Task statement | Repeat every line from the line containing "صورة لمبات حروف" to the end of the data, exactly. Leave the pictures out.

Data below |
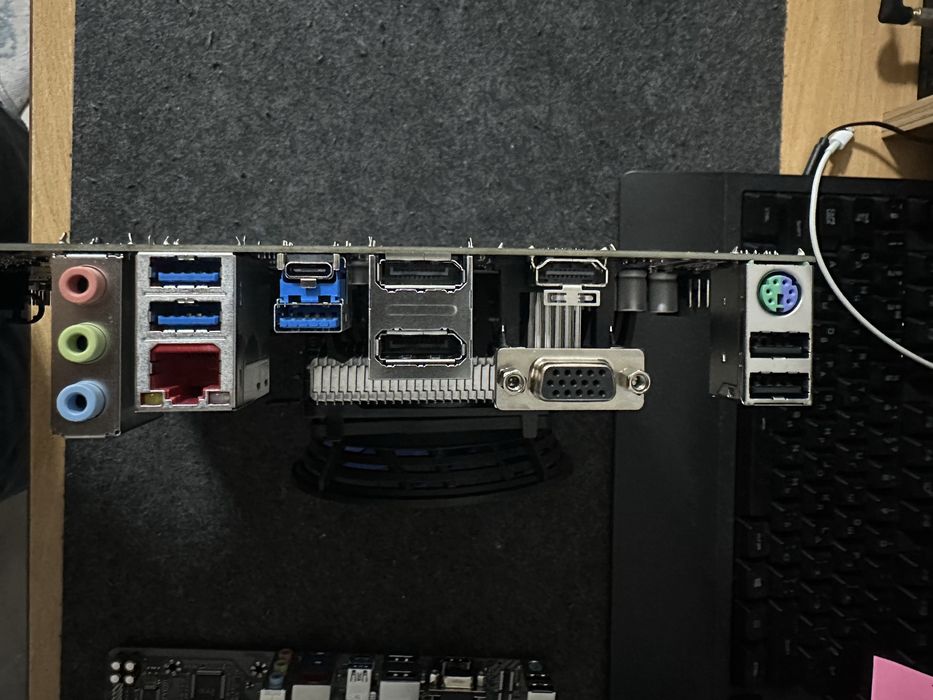 материнка B760m+i3+16gb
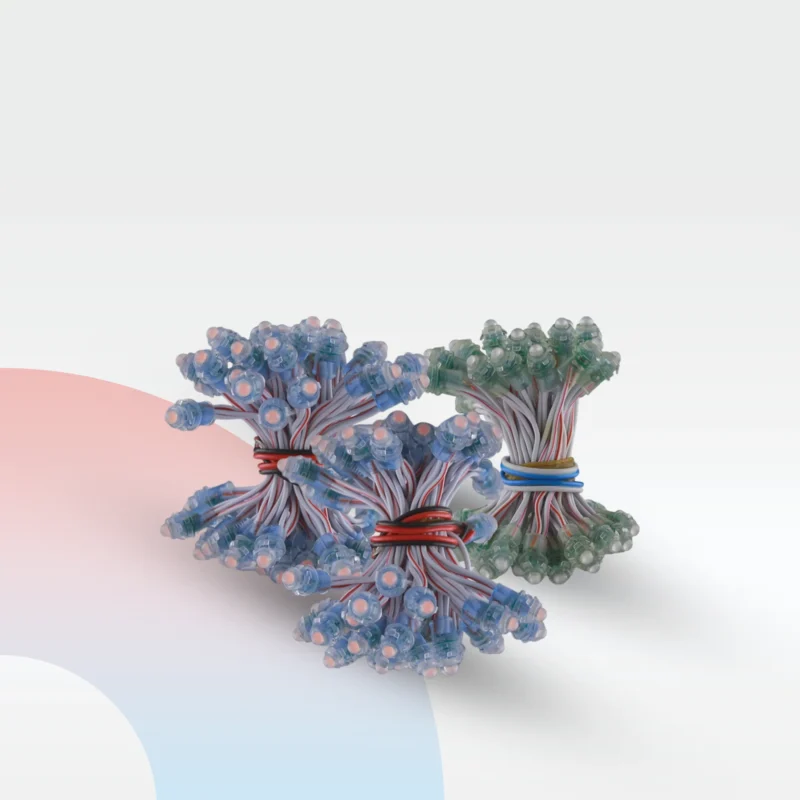 صورة لمبات حروف كبسولة LED مقاومة للماء، متصلة بأسلاك متعددة الألوان، تستخدم لإضاءة الحروف الإعلانية ثلاثية الأبعاد في واجهات المحلات والمعارض التجارية في اليمن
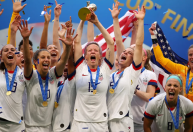Biden e famosos “ajudam” na convocação da seleção feminina de futebol dos EUA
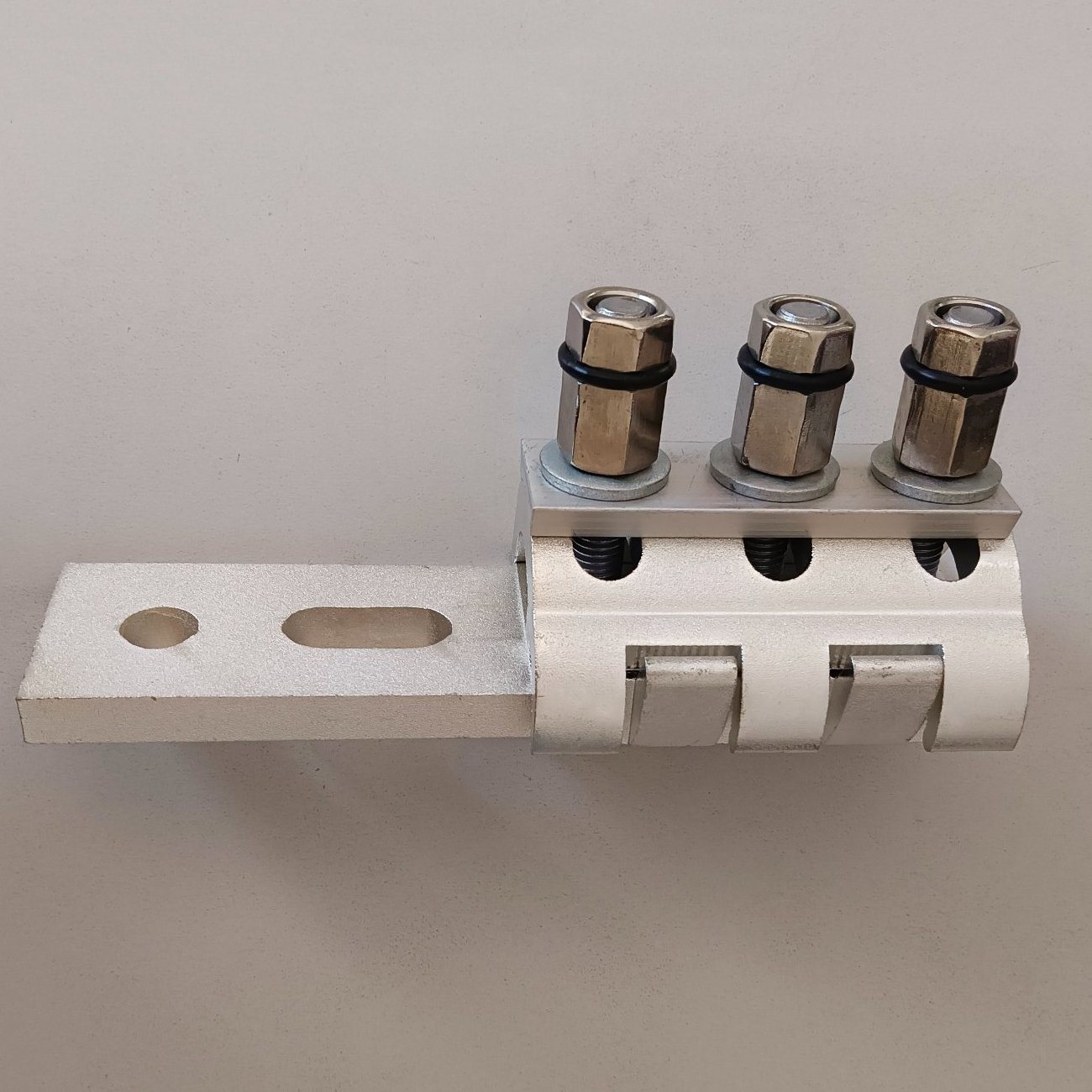 Torque Bolts and Energy-Saving Clips Parallel Groove Connector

Exercise response |
 صورة لمبات حروف كبسولة LED مقاومة للماء، متصلة بأسلاك متعددة الألوان، تستخدم لإضاءة الحروف الإعلانية ثلاثية الأبعاد في واجهات المحلات والمعارض التجارية في اليمن
Biden e famosos “ajudam” na convocação da seleção feminina de futebol dos EUA
 Torque Bolts and Energy-Saving Clips Parallel Groove Connector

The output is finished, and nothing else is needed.